1 Dekade Perjalanan UMKM Indonesia Berhasil Ketuk Pintu Ekspor

JAKARTA – Usaha mikro, kecil, dan juga menengah ( UMKM ) memegang peranan vital di perekonomian nasional, menjadi tulang punggung stabilitas ekonomi, serta terbukti tangguh menghadapi krisis, seperti pandemi Covid-19. UMKM mendominasi pertumbuhan perekonomian dengan menyumbang sekitar 60,5% hasil domestik bruto (PDB) juga menerima 96,9% dari total tenaga kerja.
Sebab itu, pemerintah terus menggalakkan sektor UMKM melalui berbagai kebijakan kemudian kegiatan yang diharapkan dapat memajukan sektor yang disebutkan hingga dapat berpartisipasi di global value chain. UMKM memegang peran penting di menciptakan ketahanan ekonomi. Ketika pandemi pandemi Covid-19 mengguncang perekonomian global, UMKM yang tersebut beroperasi di dalam berbagai sektor lokal mampu bertahan lalu bahkan berkembang.
Produk-produk lokal pada masa tersebut, seperti masker batik dan juga alat pelindung diri (APD), tidak ada hanya saja memenuhi keinginan lingkungan ekonomi pada negeri, tetapi juga berhasil menembus pangsa internasional. Keberhasilan ini menunjukkan prospek besar UMKM Indonesia untuk berpartisipasi pada rantai nilai global.
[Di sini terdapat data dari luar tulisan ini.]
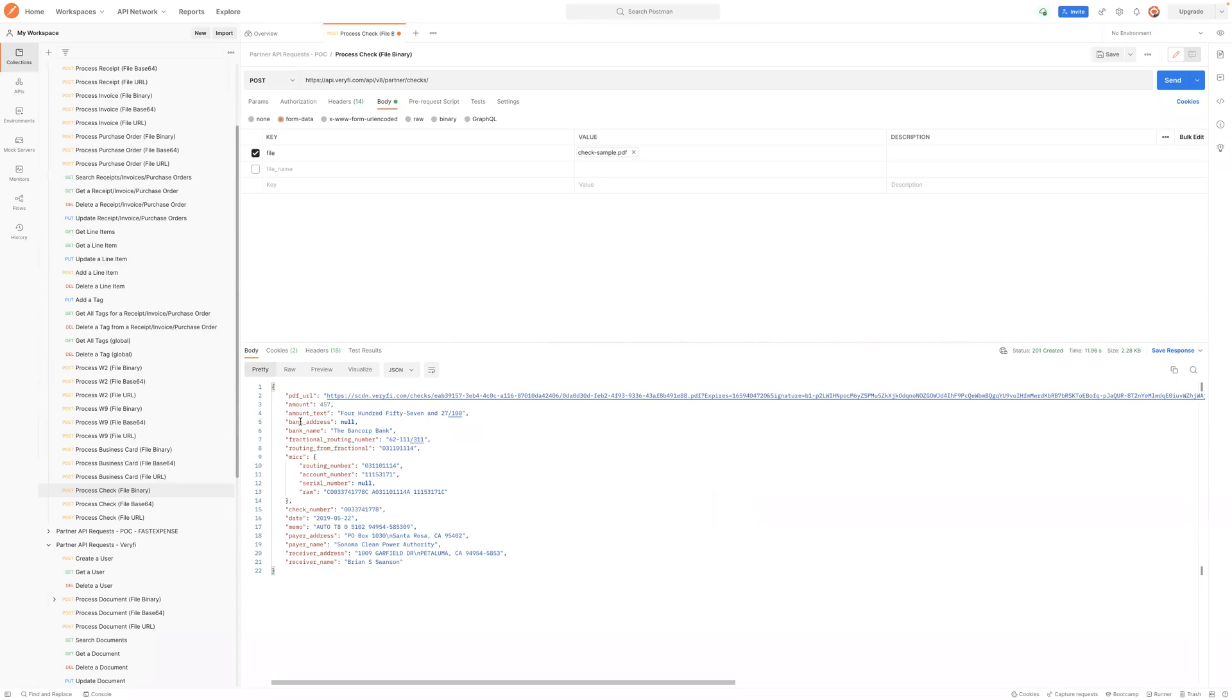check number, date, memo, payee address, et cetera. So hopefully that gives you an idea for how the check SDK works. We'll see you next time.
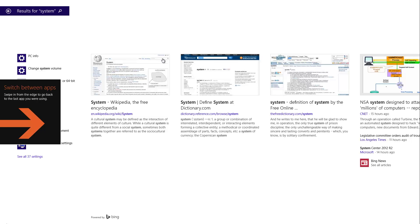I was getting annoyed at this little switch between apps slide out that's coming from the side after I installed Windows 8.1, and if you're not on a tablet this is not an easy thing to get rid of.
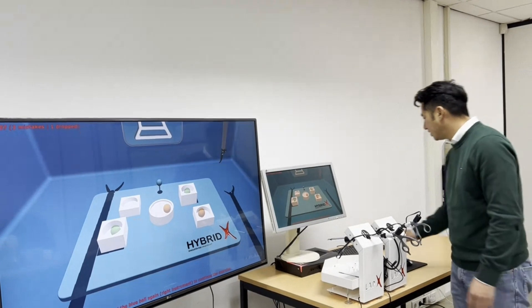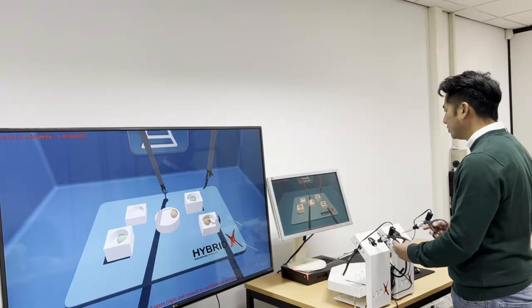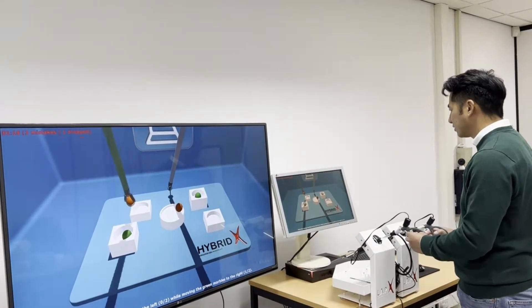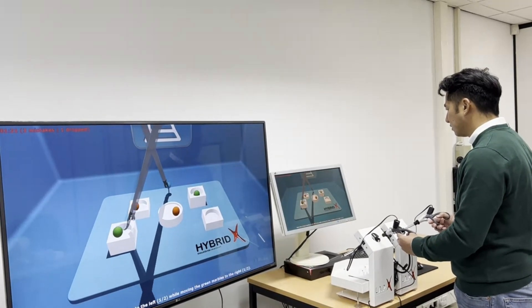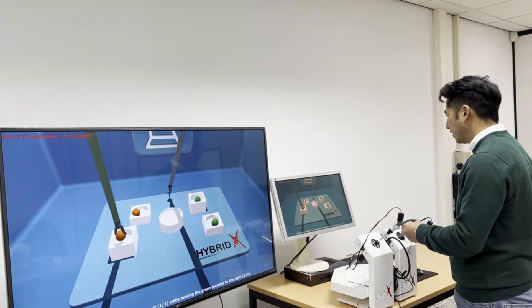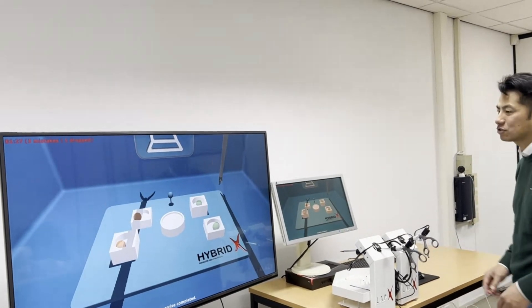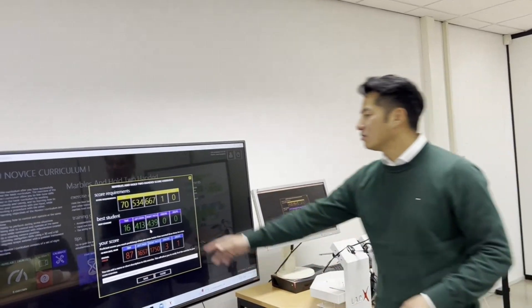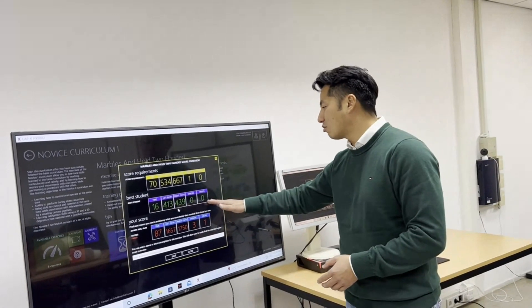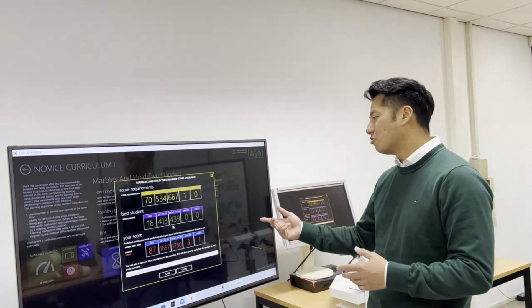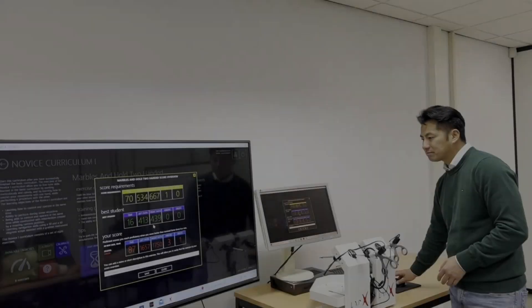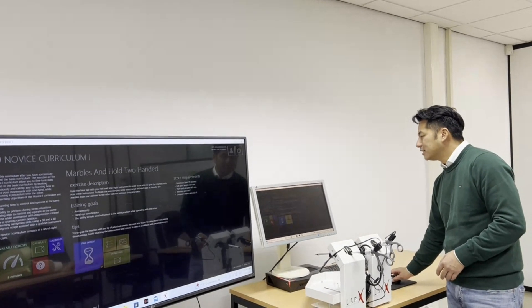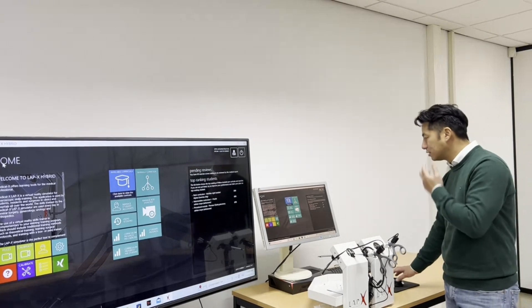So after you have finished the exercise the computer will show you the results that you have gotten from doing the exercise. So let me finish this. Move the green one there. Move the last orange marble there. Now it says exercise completed. And the computer will show you the results of your exercise. So here you can see the nominal score that you have to score. This is the best student score. So even if you have passed but you're quite competitive, you know who the best student was and then you can train again to be the best yourself.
Selama satu dekade terakhir, pemerintah sudah pernah menunjukkan komitmen yang kuat di membantu pengembangan UMKM, teristimewa di memperluas akses bursa ke luar negeri. Sebagai bagian dari Paket Kebijakan Sektor Bisnis 2015, pemerintah menerbitkan Peraturan Menteri Keuangan (PMK) Nomor 177/PMK.04/2016 untuk membantu peningkatan juga perluasan pangsa ekspor usaha kecil kemudian menengah (UKM).
Peraturan ini memberikan pembebasan bea masuk juga penghapusan PPN atau PPnBM melawan impor barang, bahan, serta mesin untuk tujuan ekspor, yang dimaksud dikenal sebagai Kemudahan Impor Tujuan Ekspor (KITE) bagi Industri Kecil serta Menengah (IKM). Kemudian, pada 30 Januari 2017, presiden secara resmi meluncurkan kebijakan yang disebutkan di dalam Sentra Kerajinan Tembaga Tumang, Kota Boyolali.
Bagi IKM, prasarana yang dimaksud bermanfaat untuk menurunkan biaya produksi, meningkatkan cash flow yang dapat mengembangkan kapasitas produksi serta investasi, dan juga meningkatkan daya saing. Sementara bagi perekonomian nasional, KITE IKM dapat menggerakkan pertumbuhan barang IKM dengan branding nasional yang mampu mengisi lingkungan ekonomi internasional, menguatkan daya saing Indonesia di penerapan Publik Perekonomian ASEAN, dan juga menguatkan fondasi perekonomian nasional dengan membantu pengembangan IKM berorientasi ekspor.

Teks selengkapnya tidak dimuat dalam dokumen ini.